Measuring meaningfully

Use ping to your ISP’s core, public DNS, and game servers at idle and while uploading—if latency spikes only under upload, suspect bufferbloat. Tools like waveform bufferbloat tests quantify grade A–F behaviour; fixing often needs smarter QoS or a router with fq_codel.

Fibre versus FTTC for latency

FTTP and well-managed cable generally beat long copper VDSL loops, which add interleaving delays on marginal lines. Interleaving trades stability for higher ping—your ISP may adjust profiles on request if packet loss is low.

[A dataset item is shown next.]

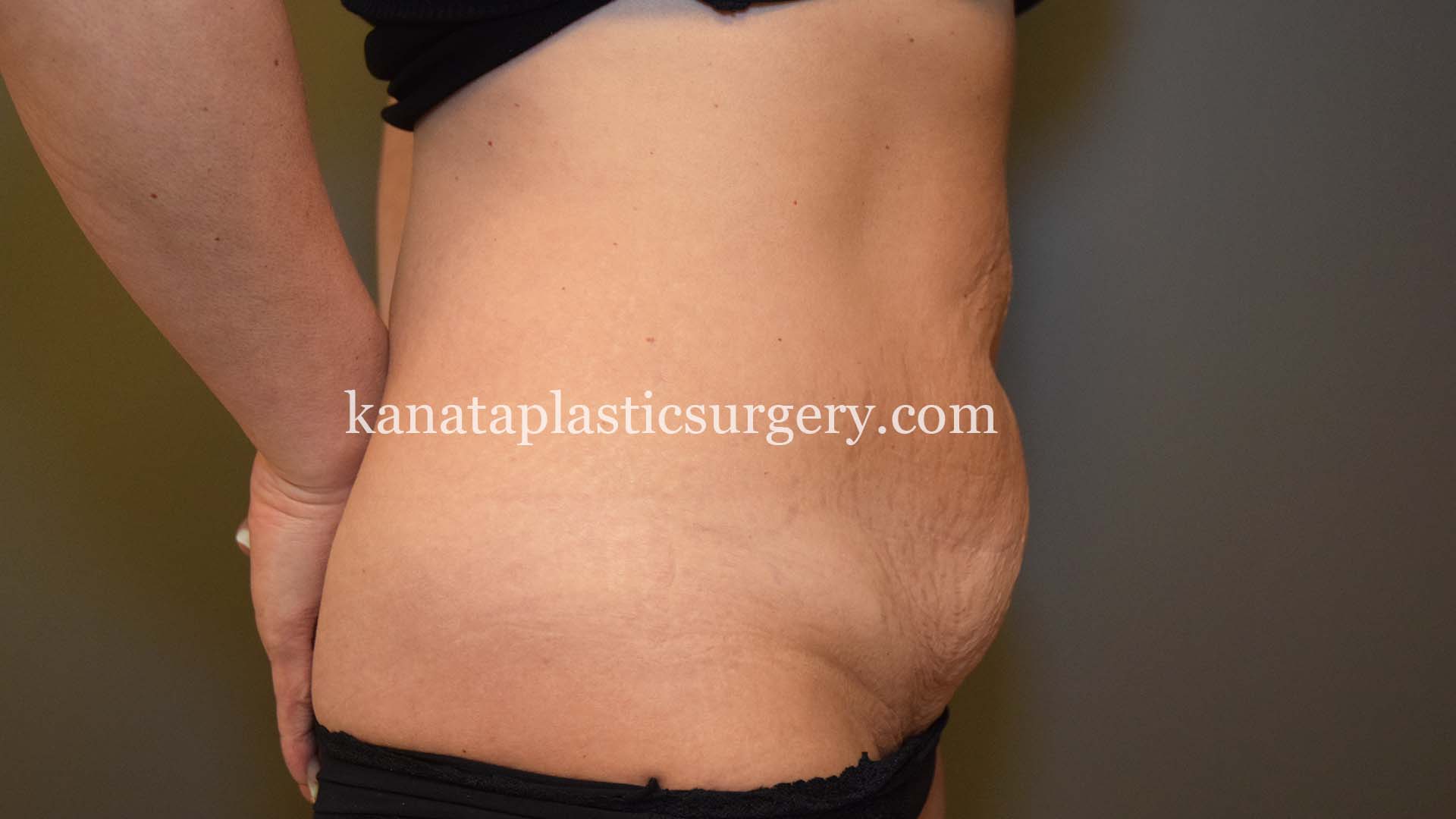 Abdominoplasty before and after 1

Tip: Cable Ethernet for competitive gaming; every wireless hop adds jitter—even great Wi-Fi 6 cannot match wire for consistency.

SwitcherMate context

We highlight technologies available to your address—pair FTTP’s cleaner paths with good router QoS and you cover both throughput and responsiveness.

DNS and perceived responsiveness

Switching to popular public DNS can trim resolution times marginally; it rarely fixes routing via London when the game server sits in Frankfurt. Treat DNS tweaks as polish, not miracles.

For international teams, test call paths during the hours you actually meet—Atlantic peak differs from UK prime time.